Для первого ночлега Катя выбрала стол. Поверх набросила свое пальто, укрывалась платьем. Мерзла отчаянно, но давала себе приказ не унывать.
Действительно, по указанию внимательного Евгения Дмитриевича, устройством Катиного быта занялся заведующий хозяйственной частью НКИД. На первый случай он, выделил новой переводчице четверть сажени березовых дров для голландской печи, кушетку с постельными принадлежностями, самовар с трубой, набор разнокалиберной чайной посуды, пакет угля и пять сырых картофелин.

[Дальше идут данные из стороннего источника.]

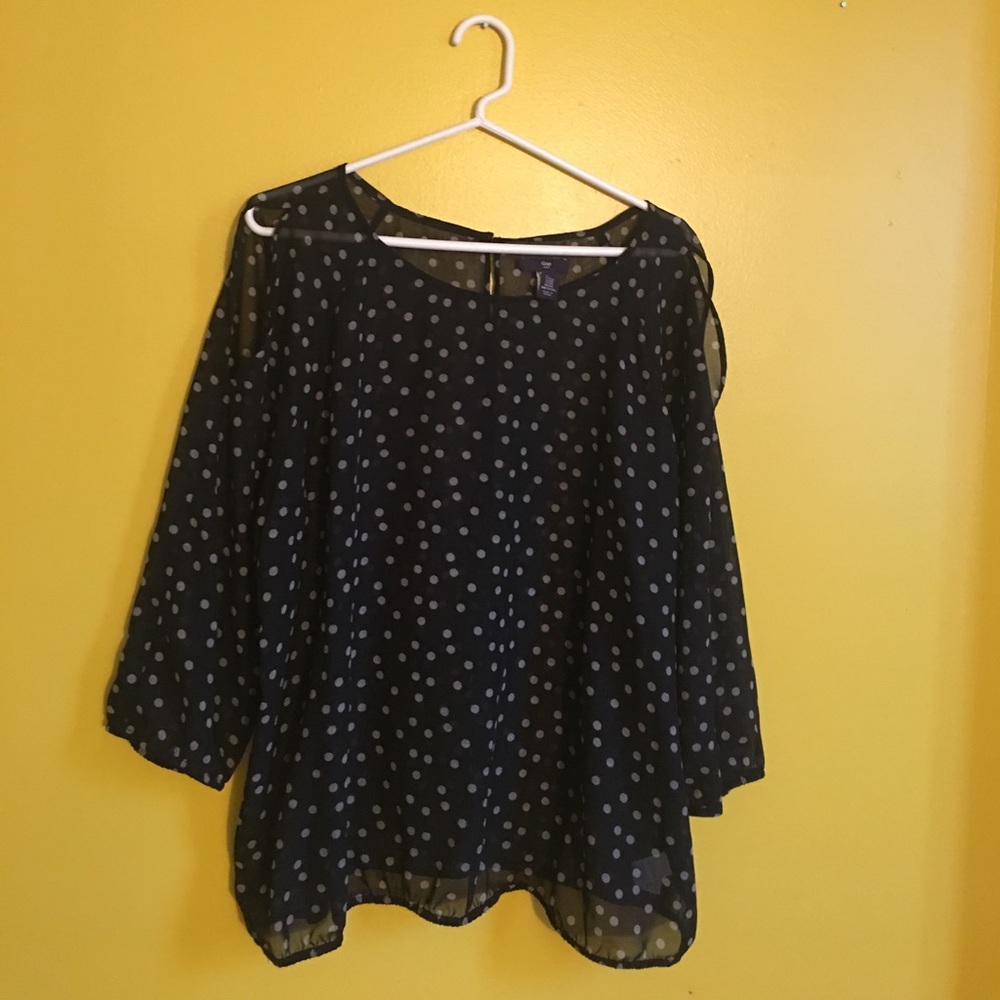 ✨Polka dot Black and white top✨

— Лучины для самовара наколите себе пожарным топориком во дворе, где сложены доски, — сказал заведующий, когда Катя расписалась в получении всех этих благ.
Дома она вполне успешно справилась с самоваром — помнила манипуляции прислуги на даче в Саблине, где любила подбрасывать в самоварную топку сосновые шишки. Она по-домашнему заварила чай из этапного пайка и решила сварить картошки, полагая, что для этого будет достаточно положить их сверху на самоварную крышку. Все это наблюдала соседка по коридору, добрая женщина из старых служащих министерства.
Еще днем она пособляла Кате перетаскивать дрова, унесла к себе ненужную более кровать, снабдила новую жилицу сковородкой и кастрюлей, научила варить картошку, взяла постирать Катино батистовое исподнее, а взамен подыскала что-то нехитрое, не больно казистое, но чисто глаженое и, главное, почти впору.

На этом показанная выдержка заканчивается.